## Supplied data
★ ★ ★ ★ ★
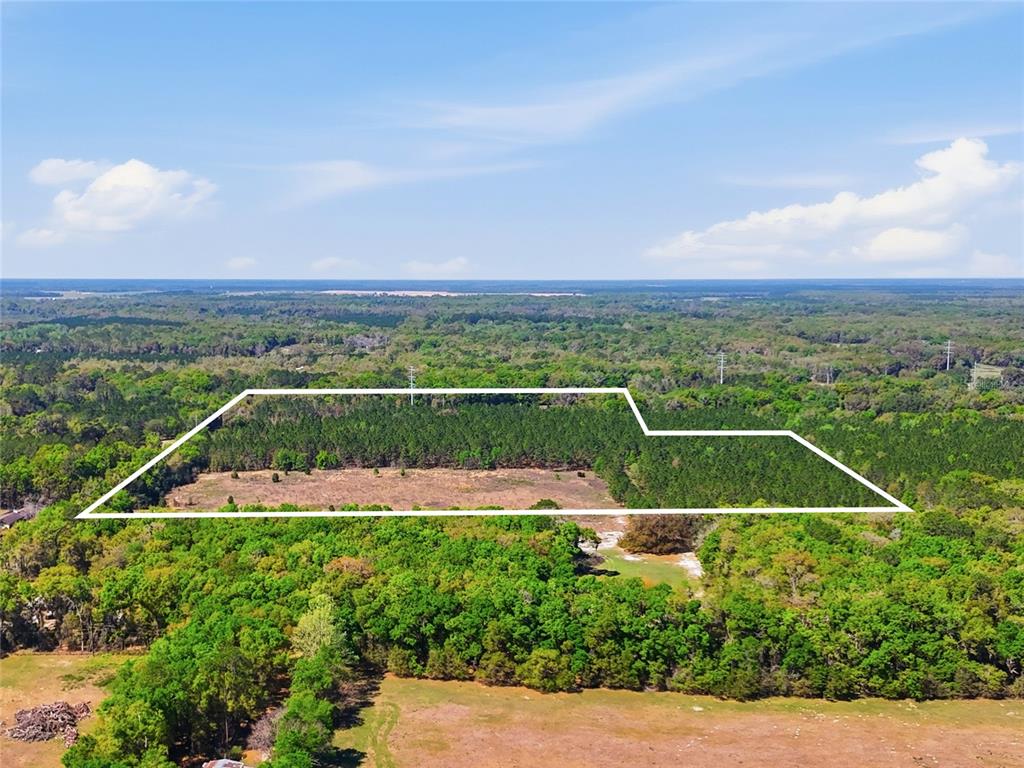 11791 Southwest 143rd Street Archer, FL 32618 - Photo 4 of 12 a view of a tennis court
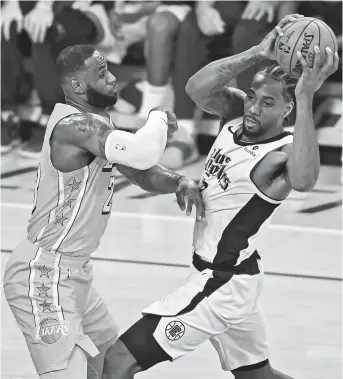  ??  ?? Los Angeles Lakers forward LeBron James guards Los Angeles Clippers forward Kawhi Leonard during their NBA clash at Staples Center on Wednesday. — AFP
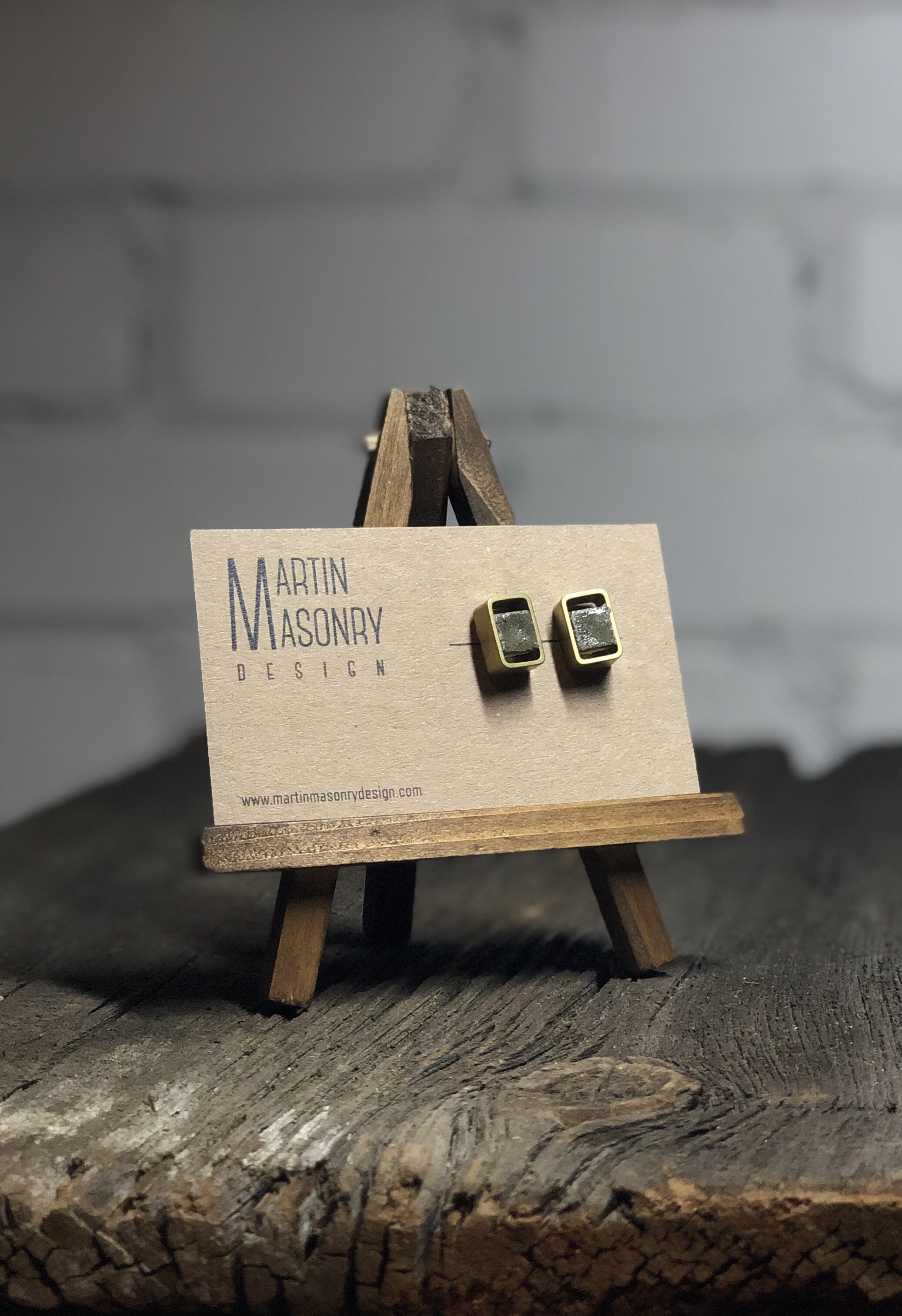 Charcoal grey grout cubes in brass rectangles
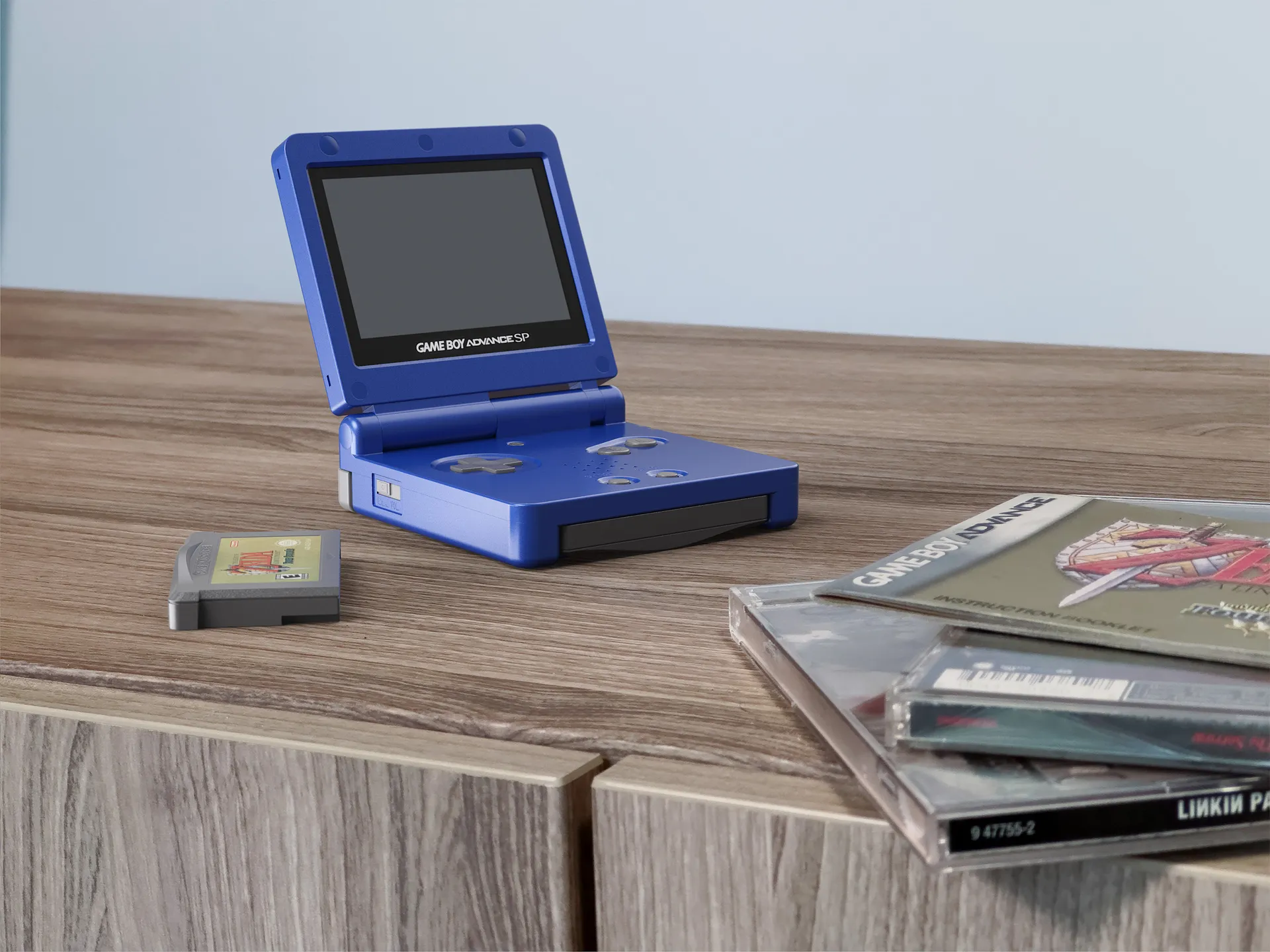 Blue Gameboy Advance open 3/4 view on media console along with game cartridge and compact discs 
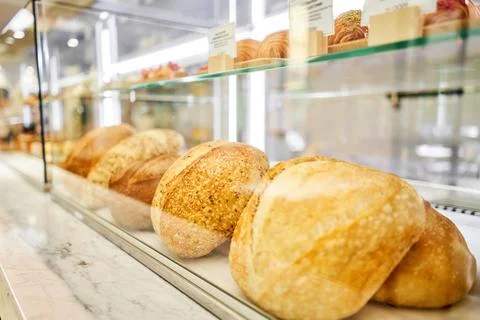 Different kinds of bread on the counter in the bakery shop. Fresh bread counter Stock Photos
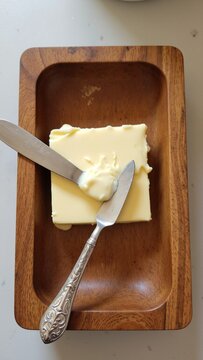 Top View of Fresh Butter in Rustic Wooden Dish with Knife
★ ★ ★ ★ ★
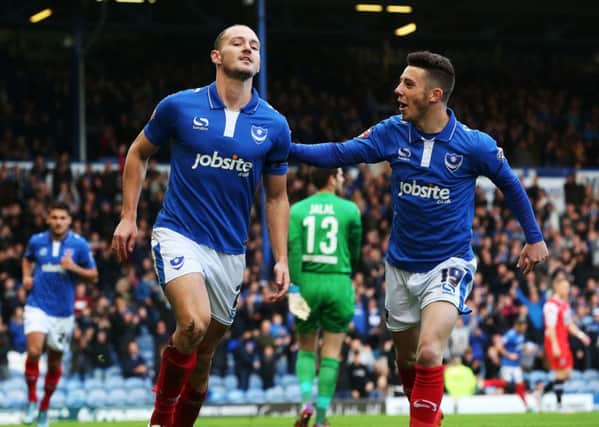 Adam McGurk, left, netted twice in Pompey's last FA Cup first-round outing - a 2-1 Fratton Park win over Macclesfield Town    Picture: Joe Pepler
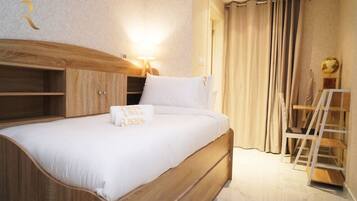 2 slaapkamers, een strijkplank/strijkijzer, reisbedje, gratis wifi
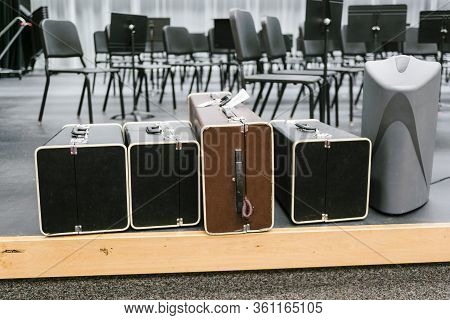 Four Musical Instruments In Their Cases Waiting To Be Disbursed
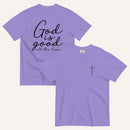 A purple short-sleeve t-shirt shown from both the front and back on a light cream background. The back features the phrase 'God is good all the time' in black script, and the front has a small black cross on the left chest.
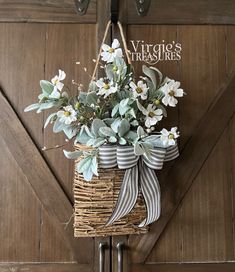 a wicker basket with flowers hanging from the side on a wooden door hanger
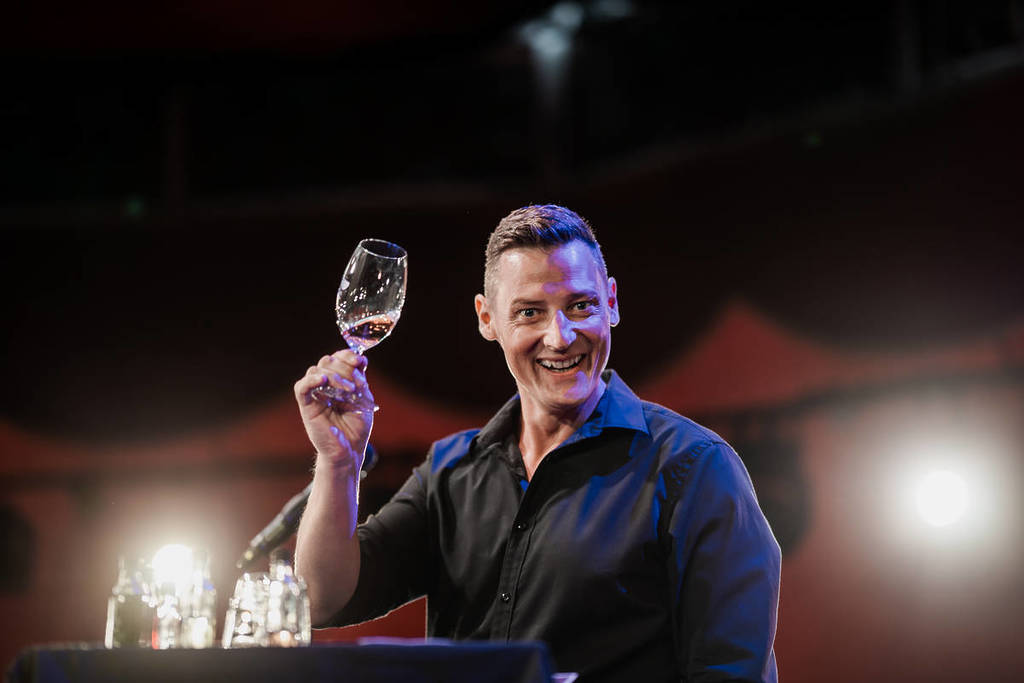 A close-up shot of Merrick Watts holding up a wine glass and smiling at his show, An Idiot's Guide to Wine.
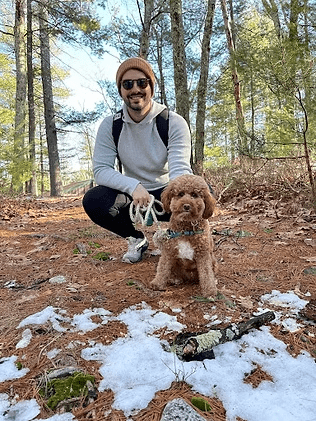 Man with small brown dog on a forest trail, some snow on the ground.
★ ★ ★ ★ ★
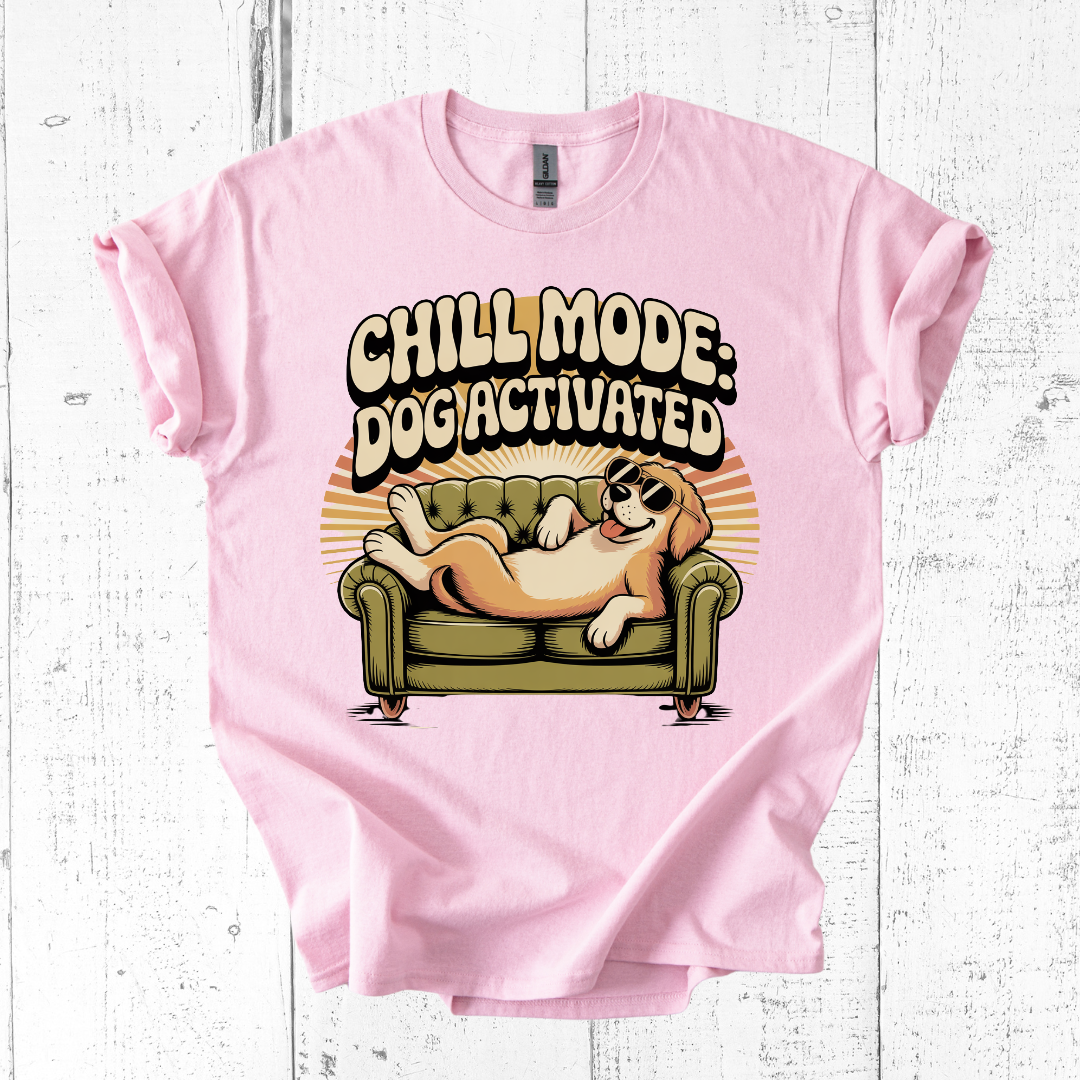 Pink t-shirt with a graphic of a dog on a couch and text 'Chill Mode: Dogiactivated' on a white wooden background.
★ ★ ★ ★ ★
## Assignment
Could you transcribe exactly the entries above, but only the lines from the one with "11791 Southwest 143rd" through the one with "Top View of", and without pictures?

## Output of the exercise
 11791 Southwest 143rd Street Archer, FL 32618 - Photo 4 of 12 a view of a tennis court
  ??  ?? Los Angeles Lakers forward LeBron James guards Los Angeles Clippers forward Kawhi Leonard during their NBA clash at Staples Center on Wednesday. — AFP
 Charcoal grey grout cubes in brass rectangles
 Blue Gameboy Advance open 3/4 view on media console along with game cartridge and compact discs 
 Different kinds of bread on the counter in the bakery shop. Fresh bread counter Stock Photos
 Top View of Fresh Butter in Rustic Wooden Dish with Knife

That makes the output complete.